● Records supplied

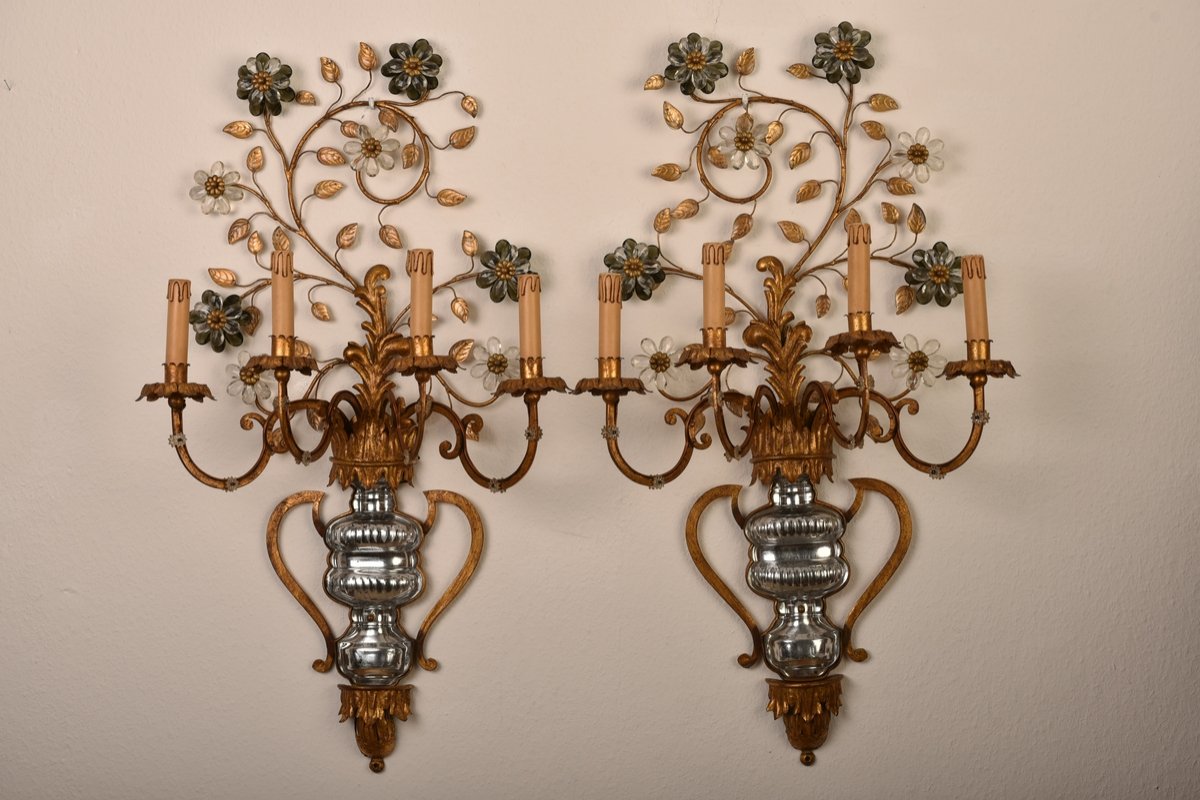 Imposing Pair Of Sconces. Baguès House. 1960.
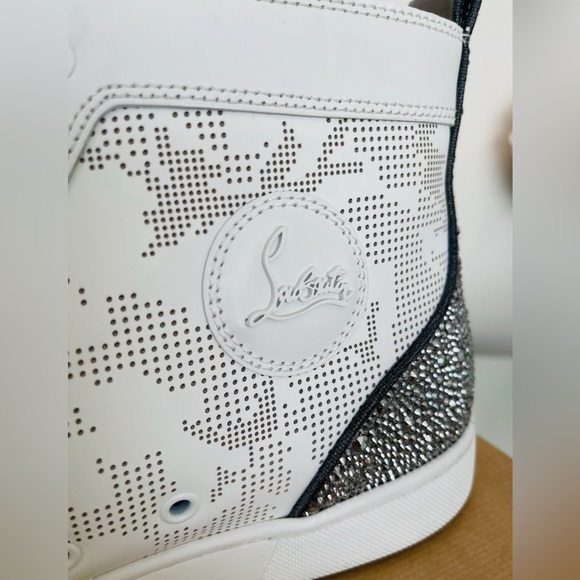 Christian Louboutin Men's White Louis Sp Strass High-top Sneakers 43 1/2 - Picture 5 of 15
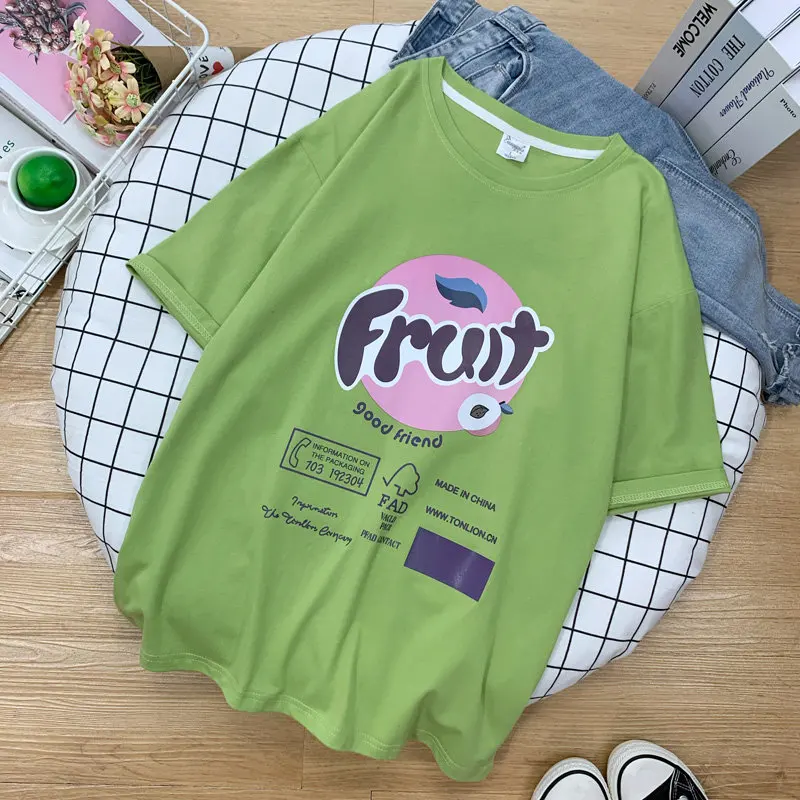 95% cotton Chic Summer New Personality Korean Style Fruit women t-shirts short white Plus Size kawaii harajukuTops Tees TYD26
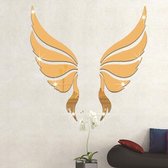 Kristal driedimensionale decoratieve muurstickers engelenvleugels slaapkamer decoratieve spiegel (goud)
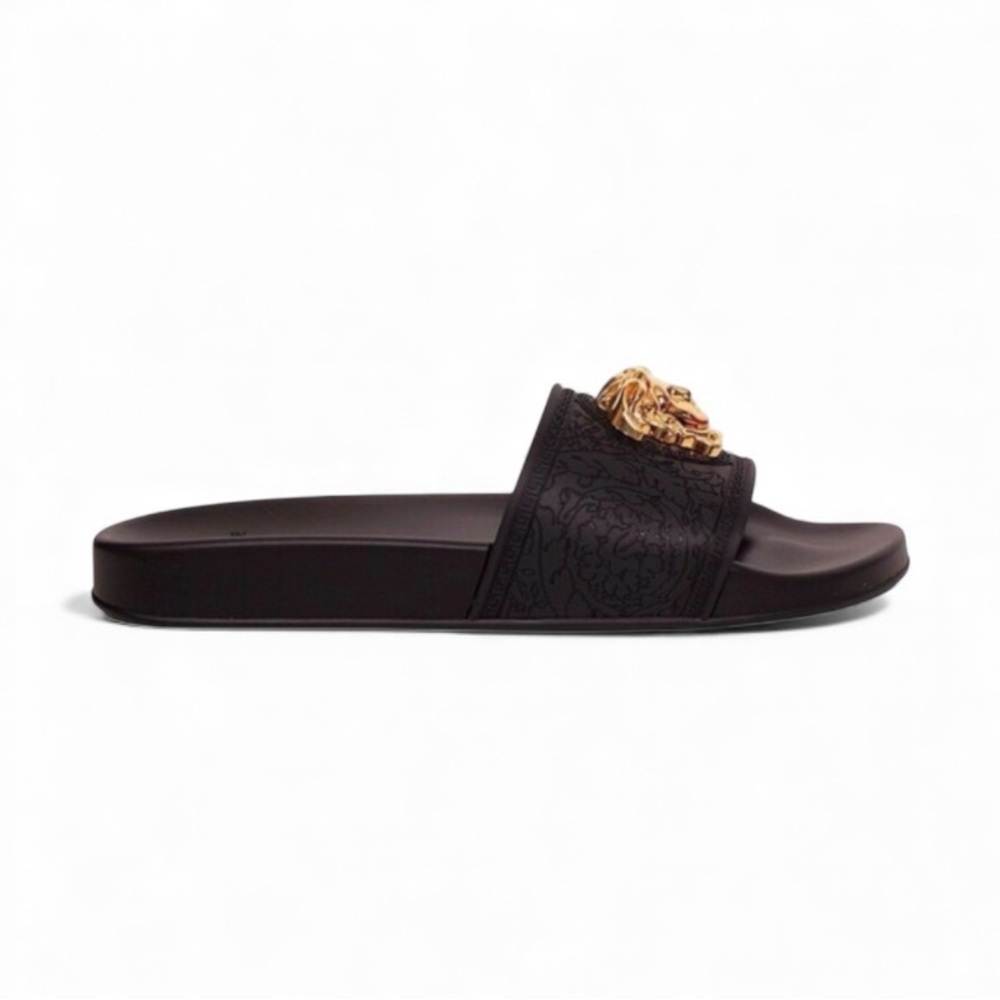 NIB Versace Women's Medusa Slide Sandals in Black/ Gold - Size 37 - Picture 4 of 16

● What the task asks
Your copy of the entries above must be exact and must not include pictures.

● Written answer
 Imposing Pair Of Sconces. Baguès House. 1960.
 Christian Louboutin Men's White Louis Sp Strass High-top Sneakers 43 1/2 - Picture 5 of 15
 95% cotton Chic Summer New Personality Korean Style Fruit women t-shirts short white Plus Size kawaii harajukuTops Tees TYD26
 Kristal driedimensionale decoratieve muurstickers engelenvleugels slaapkamer decoratieve spiegel (goud)
 NIB Versace Women's Medusa Slide Sandals in Black/ Gold - Size 37 - Picture 4 of 16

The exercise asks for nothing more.